Two months since a group of angel investors visited Phnom Penh in search of startup investment opportunities, the organisation behind the initiative is planning an even bigger scouting mission, looking for investment opportunities in the Kingdom’s small but vibrant startup community.
Seven members of the Mekong Angel Investment Network (MAIN) visited the capital in June. Fourteen angel investors will join a delegation due to arrive early next month, according to Steve Landman, managing partner of the Lotus Fund.
“We are quite optimistic about the angel investment climate in Cambodia,” he said. “We saw many exciting and enthusiastic entrepreneurs that have done a great job in being investable.”
He said the first visit resulted in two investment decisions – one into local online transport company BookMeBus, which also won the Cambodia’s 2016 ICT competition for best startup, and the other in the Cambodia Investors Club (CiC) – a small- to medium-sized enterprise (SME) growth platform.
Angel investors were also eyeing TOT Delivery, Samai Distillery and 3 Sisters (Cambodia) Enterprise, as well as performing due diligence for a large investment on one additional company, he said.
“While it is still early in the startup lifecycle in Cambodia, [the angel investors] are off to a great start,” he said.
MAIN was established by the Asian Development Bank’s (ADB) Mekong Business Initiative with financial support from the Australian government.

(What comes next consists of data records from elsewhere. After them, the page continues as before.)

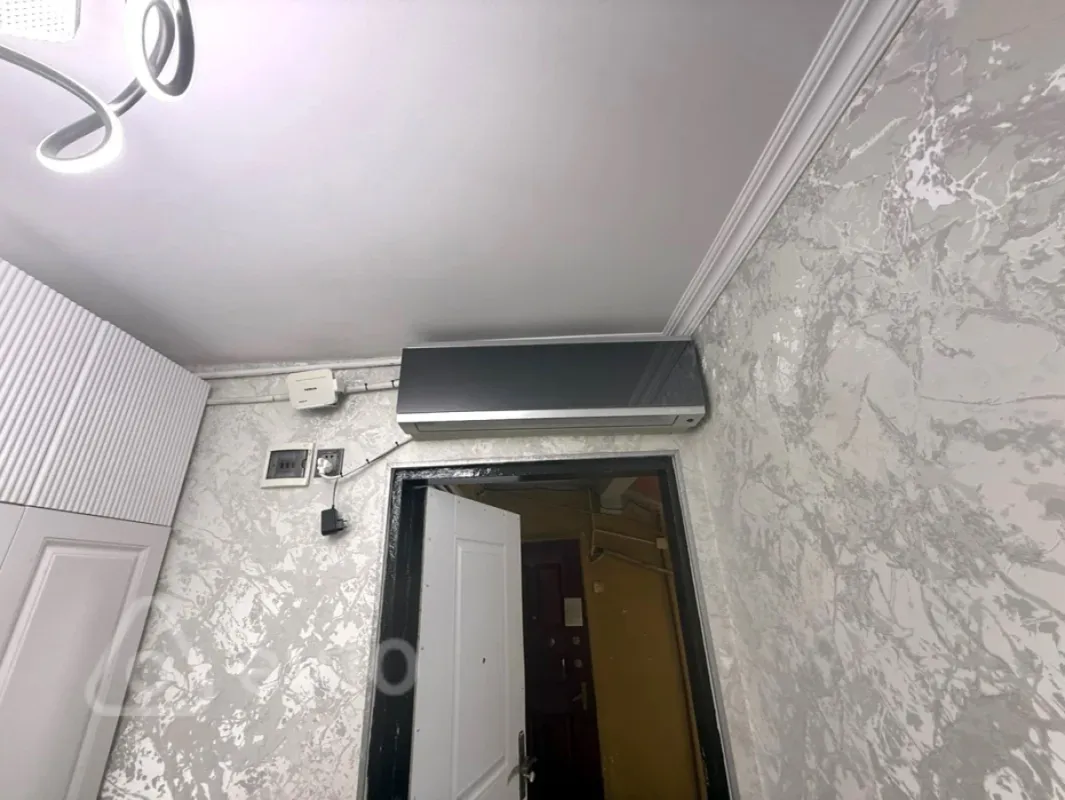 Kirayə verilir 3 otaqlı köhnə tikili 75 m²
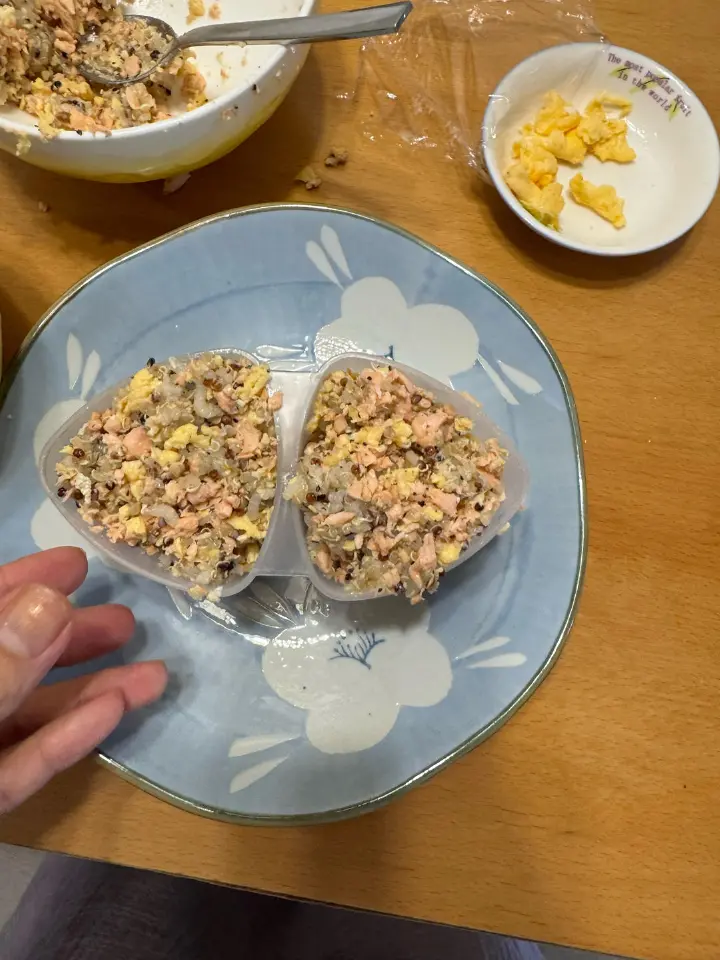 三文鱼杂粮饭团 第 5 步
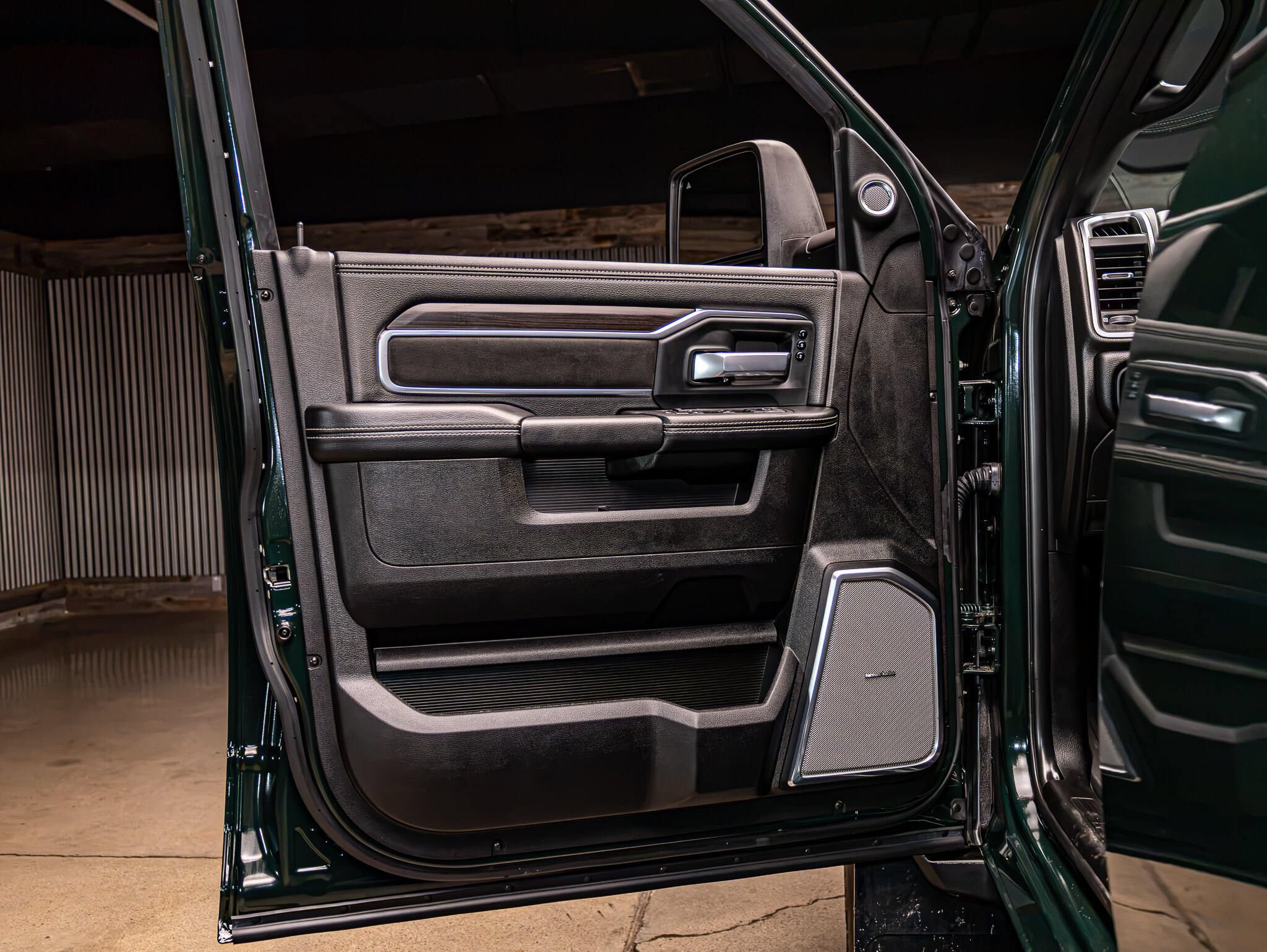 Used 2025 RAM 2500 Laramie AWD/4WD image 31
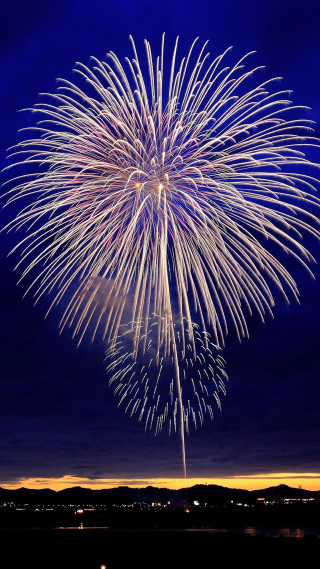 Fireworks display city night blue - free new year wallpaper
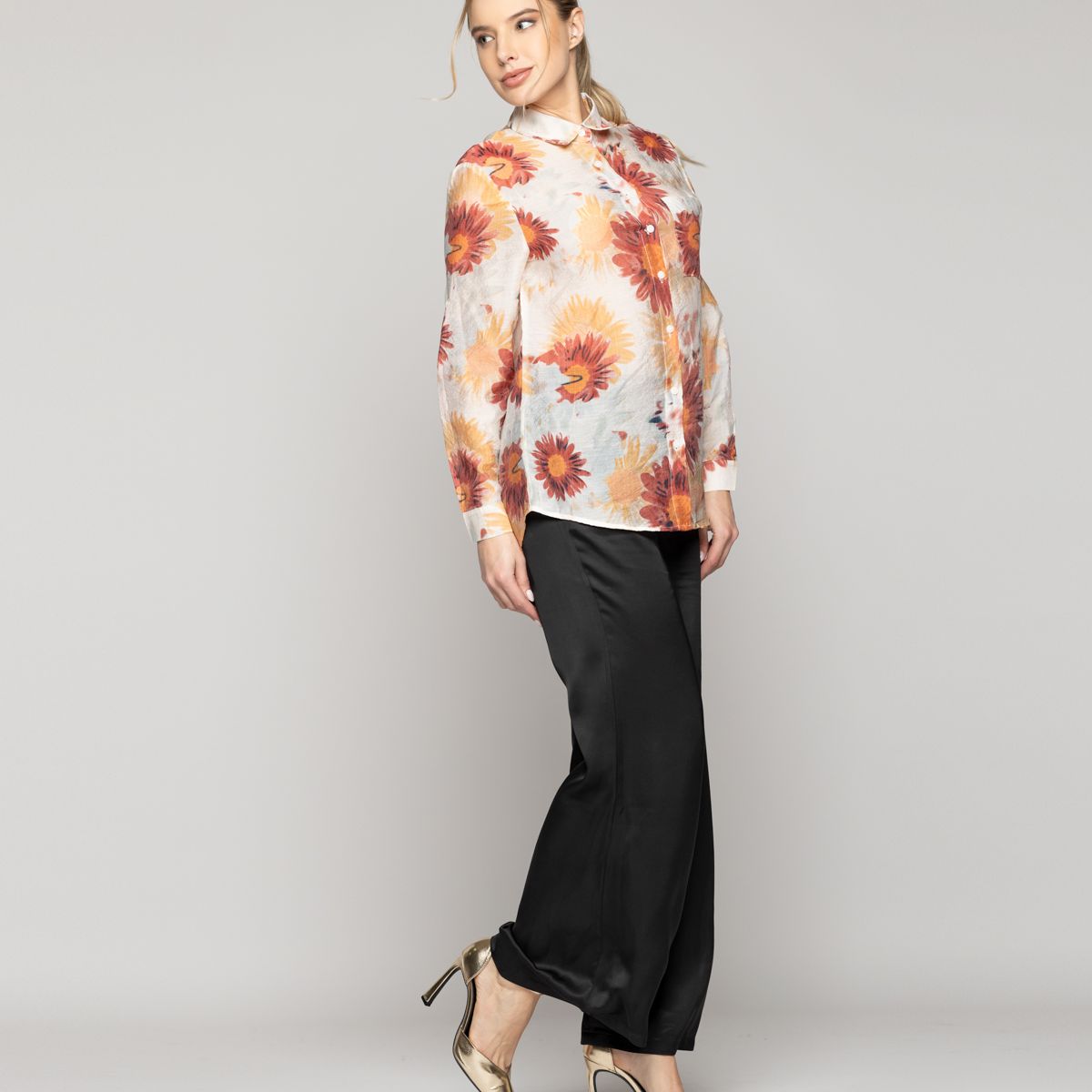 LINEATRE - Blusa Mujer Brigitte Manga Larga Con Diseño Flores Naranja Coral Lineatre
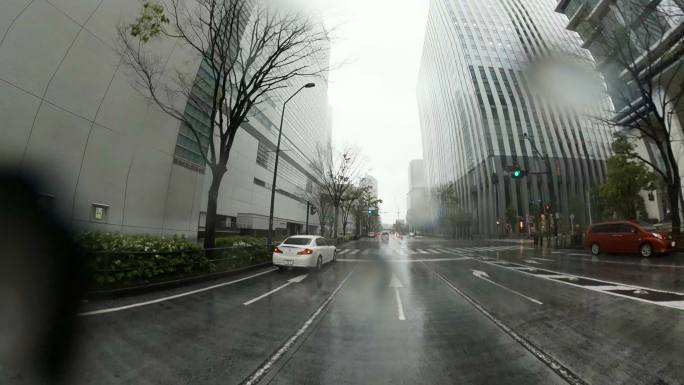 雨天开车雨后开车城区路面直行清晨日暮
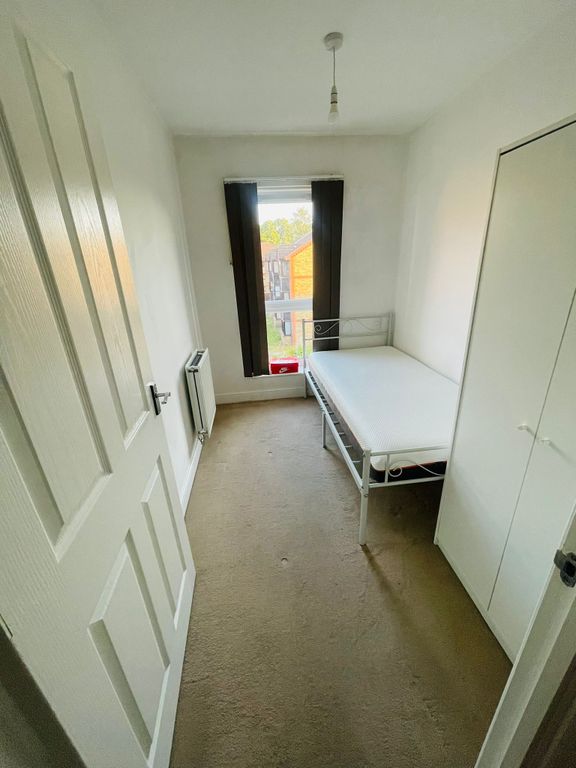 Property photo 2 of 2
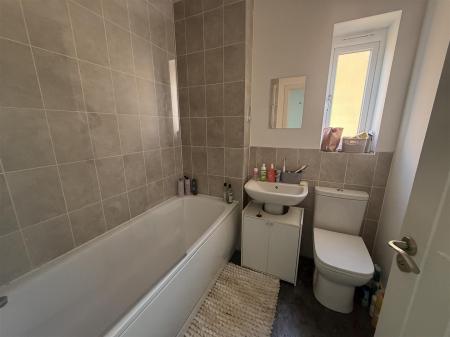 2 bedroom Town house for sale in Skylark Drive, Branston, Burton-On-Trent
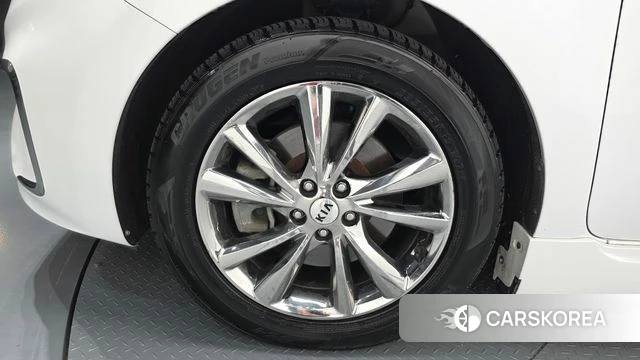 Kia The New Carnival id 3942937 из Кореи 15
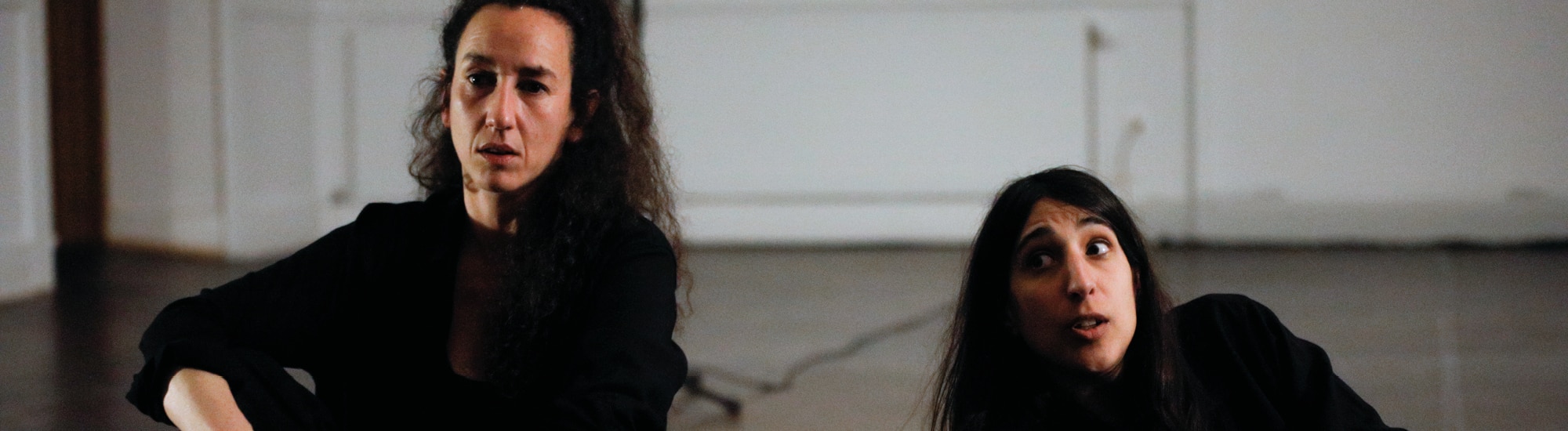 Racha Baroud et Kinda Hassan, Deaf Tones in G Minor © Laetitia Glessler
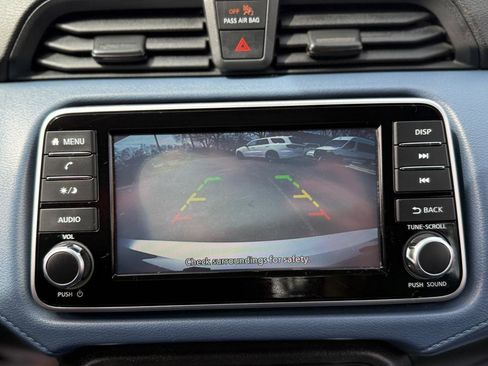 Used 2025 Nissan Versa SV image 17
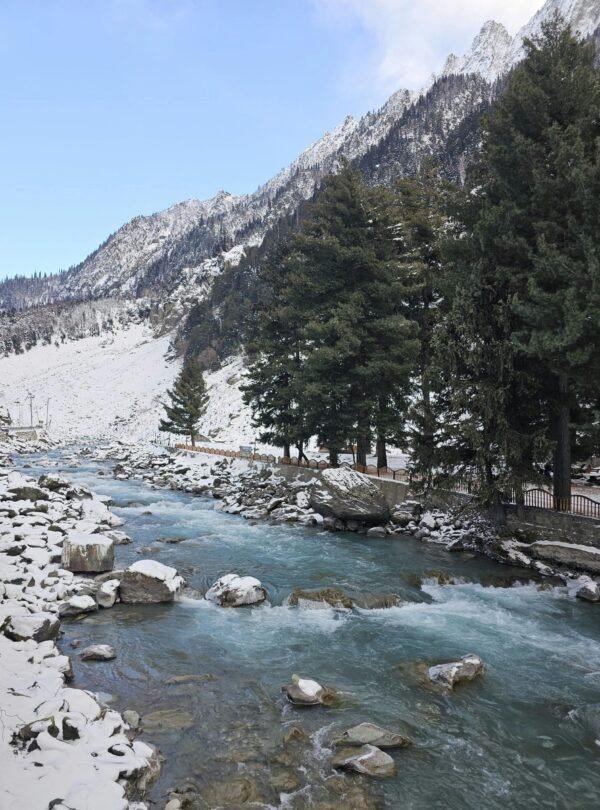 Romantic Kashmir honeymoon destination with snow‑capped mountains and scenic valley views in Jammu & Kashmir, India
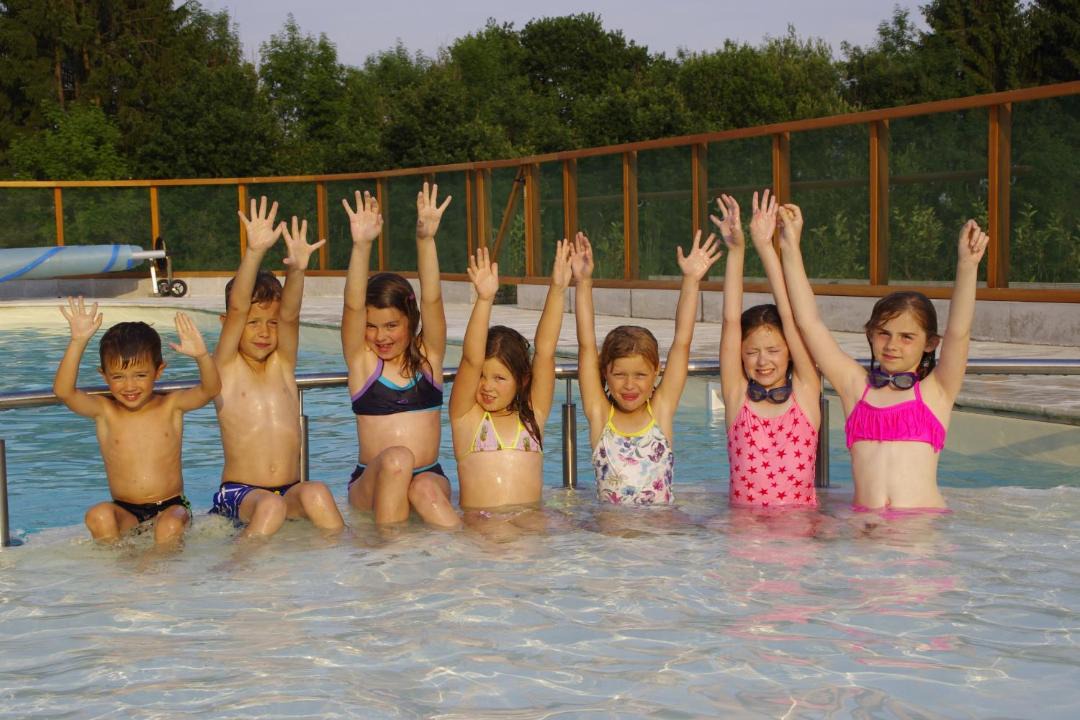 Photo of Human In Picture in Signy-lAbbaye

The angel investor network aims to help at least 30 companies become established in the CLMV (Cambodia, Laos, Vietnam and Myanmar) region over the next three years.
David Totten, director of Emerging Market Consulting (EMC), a company that has participated in over 350 projects in the region over the last 12 years, said that the primary value angel investors bring is an alternative source of funding during the early stages before a business becomes “bankable”.
“[Angel investors] can bridge the gap that exists between startup – when the business is too risky for banks to lend or too small for larger equity investors to invest in – [and bankability],” he said.
The early-stage investment can validate a business model, accelerate development and improve governance, he said.
As for startups, Totten said, choosing the right angel investor is crucial as they become partial owners of a business and receive a return on equity if they succeed.
“The entrepreneur may be entirely and uniquely committed to the success of their venture,” he said.
“The angel investor, having multiple ownership interests in many companies, may not.”
“This is not necessarily a disadvantage, it is a difference, and differences between owners are sometimes important,” he added.